─── DATA PROVIDED

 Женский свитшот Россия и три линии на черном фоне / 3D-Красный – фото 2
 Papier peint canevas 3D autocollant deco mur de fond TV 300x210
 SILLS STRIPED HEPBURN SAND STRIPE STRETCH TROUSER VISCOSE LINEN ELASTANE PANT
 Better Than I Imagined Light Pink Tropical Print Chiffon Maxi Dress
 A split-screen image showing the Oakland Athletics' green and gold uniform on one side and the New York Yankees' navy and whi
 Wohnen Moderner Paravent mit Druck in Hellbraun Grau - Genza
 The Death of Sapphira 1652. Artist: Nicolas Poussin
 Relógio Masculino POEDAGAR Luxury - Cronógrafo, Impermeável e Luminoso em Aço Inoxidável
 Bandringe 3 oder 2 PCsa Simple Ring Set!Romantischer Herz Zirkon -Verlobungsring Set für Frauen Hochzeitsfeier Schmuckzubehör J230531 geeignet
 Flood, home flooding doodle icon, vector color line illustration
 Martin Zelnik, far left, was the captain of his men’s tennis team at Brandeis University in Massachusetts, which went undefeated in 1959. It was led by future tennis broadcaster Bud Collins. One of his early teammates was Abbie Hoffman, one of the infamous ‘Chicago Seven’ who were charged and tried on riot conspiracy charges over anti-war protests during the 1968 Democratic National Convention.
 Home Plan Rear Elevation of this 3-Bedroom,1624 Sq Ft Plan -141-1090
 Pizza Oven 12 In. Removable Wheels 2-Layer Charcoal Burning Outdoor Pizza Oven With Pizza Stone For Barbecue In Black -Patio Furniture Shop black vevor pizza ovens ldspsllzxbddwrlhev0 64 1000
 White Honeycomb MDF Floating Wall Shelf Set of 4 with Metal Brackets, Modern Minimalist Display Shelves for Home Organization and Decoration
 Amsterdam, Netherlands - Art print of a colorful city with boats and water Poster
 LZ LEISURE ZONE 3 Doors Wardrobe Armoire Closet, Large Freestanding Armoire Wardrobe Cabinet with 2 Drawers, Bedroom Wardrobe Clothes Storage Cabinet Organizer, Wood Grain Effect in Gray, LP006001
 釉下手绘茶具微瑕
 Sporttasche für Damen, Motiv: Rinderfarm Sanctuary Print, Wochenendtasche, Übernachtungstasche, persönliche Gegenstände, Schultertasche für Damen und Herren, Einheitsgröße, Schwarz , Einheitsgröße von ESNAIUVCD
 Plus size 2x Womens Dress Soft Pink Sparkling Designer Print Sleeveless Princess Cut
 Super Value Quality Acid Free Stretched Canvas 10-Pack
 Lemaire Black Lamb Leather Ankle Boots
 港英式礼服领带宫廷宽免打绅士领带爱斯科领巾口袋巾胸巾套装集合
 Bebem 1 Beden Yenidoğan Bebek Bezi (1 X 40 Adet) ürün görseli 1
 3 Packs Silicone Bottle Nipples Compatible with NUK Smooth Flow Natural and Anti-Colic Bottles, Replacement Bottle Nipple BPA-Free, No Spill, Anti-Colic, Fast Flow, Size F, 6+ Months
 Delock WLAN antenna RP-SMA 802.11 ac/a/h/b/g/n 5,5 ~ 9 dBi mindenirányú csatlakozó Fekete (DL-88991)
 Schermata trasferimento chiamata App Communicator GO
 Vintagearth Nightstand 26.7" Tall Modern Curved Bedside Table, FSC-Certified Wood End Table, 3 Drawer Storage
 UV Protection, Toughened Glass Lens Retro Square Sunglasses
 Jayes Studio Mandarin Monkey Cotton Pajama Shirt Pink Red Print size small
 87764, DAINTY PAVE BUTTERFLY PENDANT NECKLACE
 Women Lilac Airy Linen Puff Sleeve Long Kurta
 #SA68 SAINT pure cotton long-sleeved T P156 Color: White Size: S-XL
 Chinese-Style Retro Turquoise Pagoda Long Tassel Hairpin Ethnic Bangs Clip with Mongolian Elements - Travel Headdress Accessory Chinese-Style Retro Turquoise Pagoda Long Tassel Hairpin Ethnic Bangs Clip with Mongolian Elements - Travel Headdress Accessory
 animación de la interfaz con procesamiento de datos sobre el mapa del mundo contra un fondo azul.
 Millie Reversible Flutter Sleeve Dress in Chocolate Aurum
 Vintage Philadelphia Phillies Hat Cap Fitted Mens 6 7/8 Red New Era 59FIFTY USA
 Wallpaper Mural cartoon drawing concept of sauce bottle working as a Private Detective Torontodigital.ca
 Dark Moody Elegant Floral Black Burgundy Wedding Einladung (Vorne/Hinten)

──────

◆ **ASSIGNED TASK**: Give the number of lines containing "Retro" in the entries, and no other text.

◆ **WRITTEN RESPONSE**: 2